Just as rumours emerged that South London blues-rock misfits The Peckham Cowboys had decided to ride into the ether, a change of heart saw them return to town – eager to get displayed amongst the Most Wanted gallery of booze rock rogues.

In addition, an impressive new line-up enhances the gang’s already existing rock ‘n’ roll credibility, padding out the hole that the departure of founder member Guy Bailey (ex-Quireboys) had left in the saddle.

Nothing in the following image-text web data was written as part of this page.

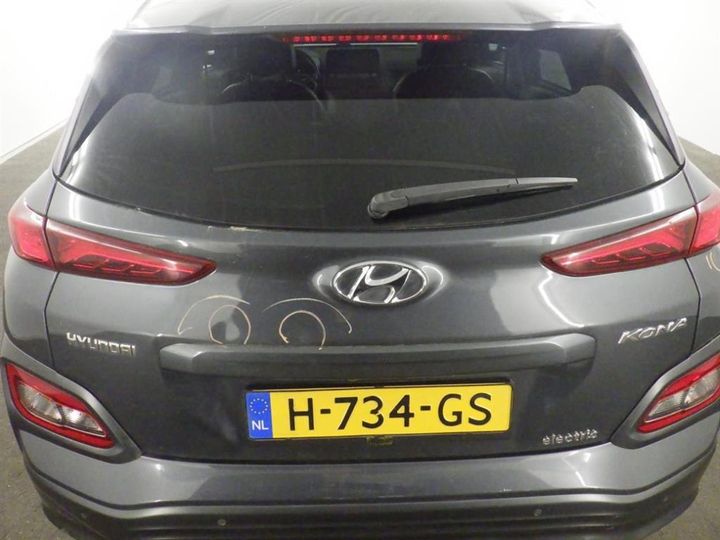 Photo 21 VIN: KMHK581GFLU065693 - HYUNDAI KONA 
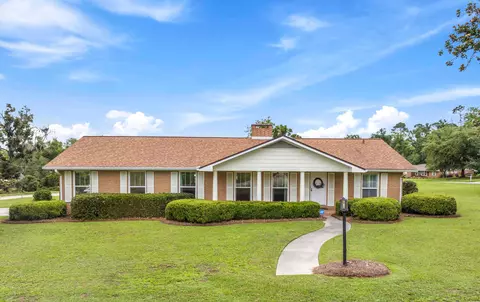 542 NE Horry Ave, Madison, FL 32340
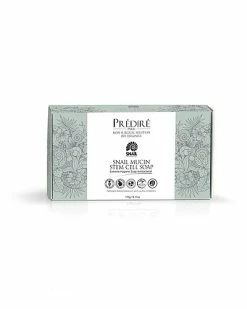 Predire Paris Snail Mucin Stem Cell Soap Women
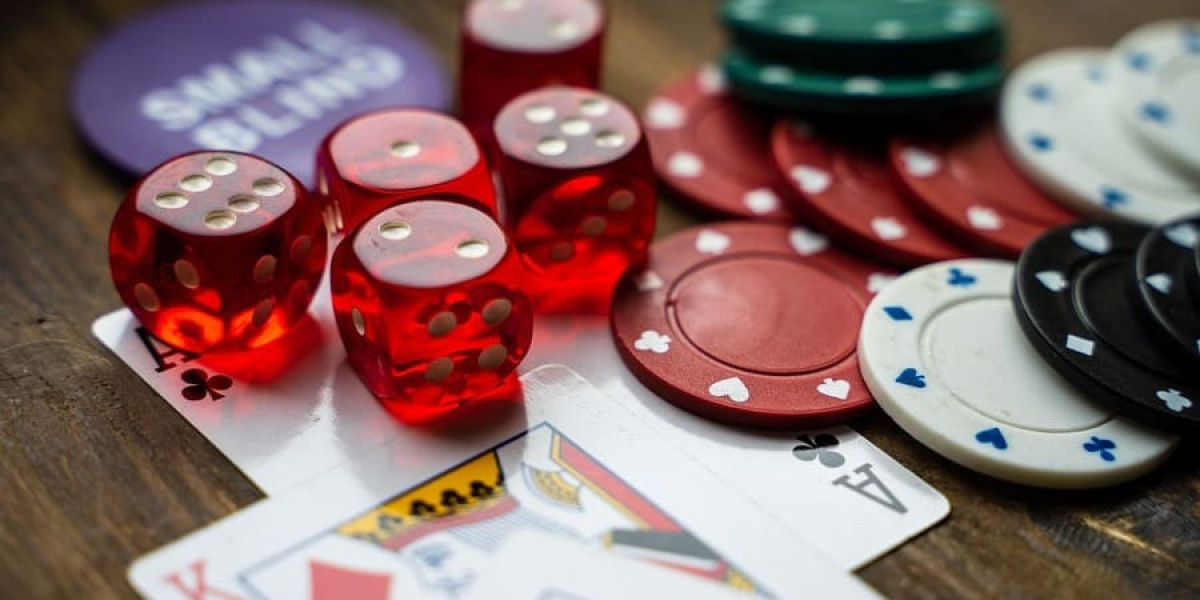 Top Casino Sites: Your Ultimate Guide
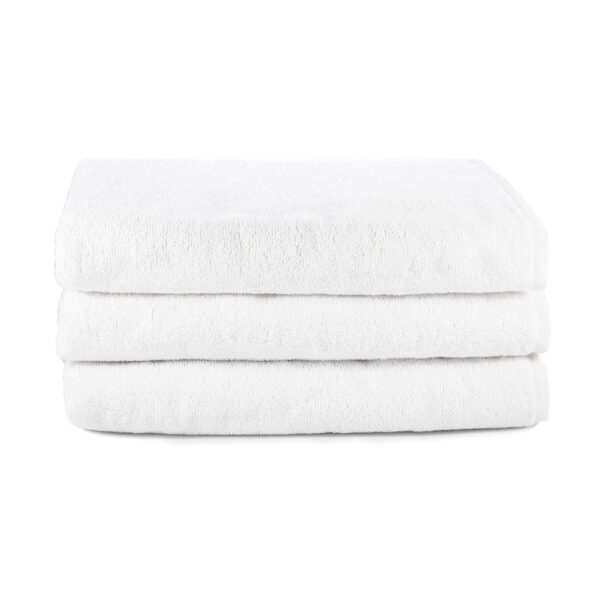 Hotelski ručnici luxar 600 gr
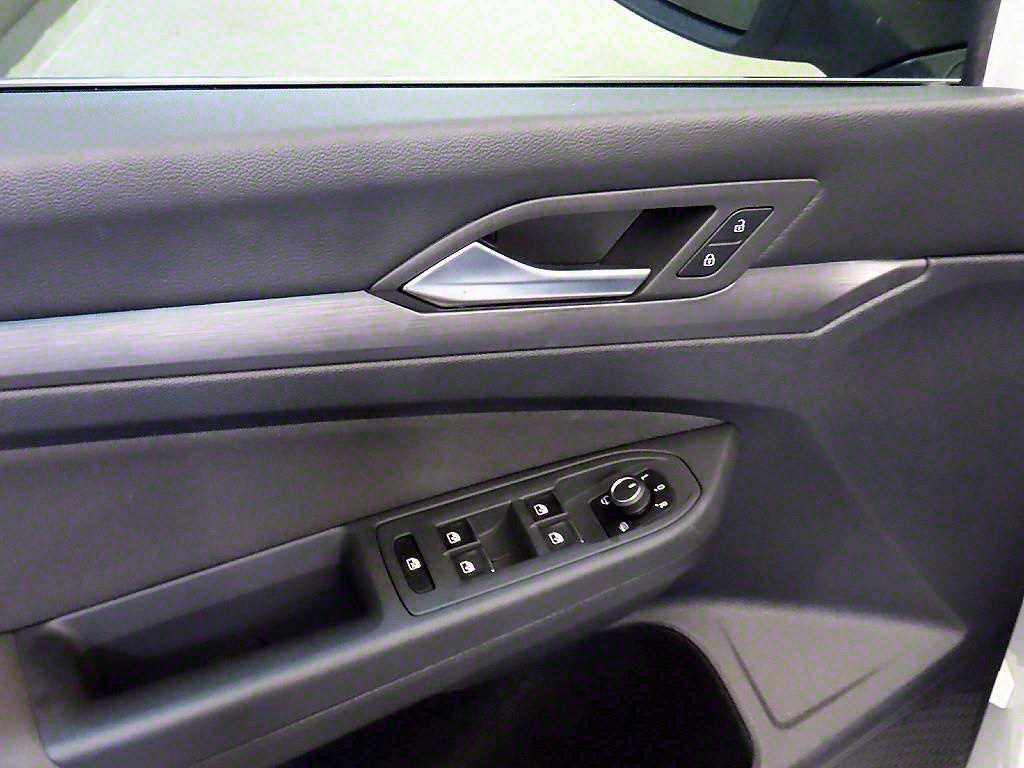 Volkswagen Golf 2022 - Importación desde Corea - HF Imports Iquique - Foto 16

The new members are fellow ex-Quireboy Nigel Mogg on bass, former Dogs D’Amour / Ian Hunter Band legend Darrell Bath on lead and slide guitar, and – for that certain razzle-dazzle - ex-Primal Screamer Duncan Mackay on piano and trumpet. New kid on the block Ryan MacCormick on drums completes the circle of newcomers. Well well, dudes and dudettes… how impressive is that?!
As for the original members, I’m happy to report that super talented frontman Marc Eden seems more on top of his game than ever before, while rhythm guitarist Dale Hodgkinson sets a contrast by being the more quiet one of the lot, totally emerged in caressing his instrument. But you know the saying ‘quiet rivers run deep’, right?

And so, after an opening slot by The Gasoline Queens, the newly reformed Peckham Cowboys took to the stage ‘With The Good Lord’s Permission’, to demonstrate they are an ever growing force amongst all that’s honkin’ and stonkin’! Yes, their trademark sleaze-rock groove was still fairly prominent, but thanks to Duncan Mackay and Darrell Bath, some inspired boogie-woogie piano and blues-hued bottleneck sounds took each track to a different level. Sly and wry, and oh so fine, and that also goes for the trumpet!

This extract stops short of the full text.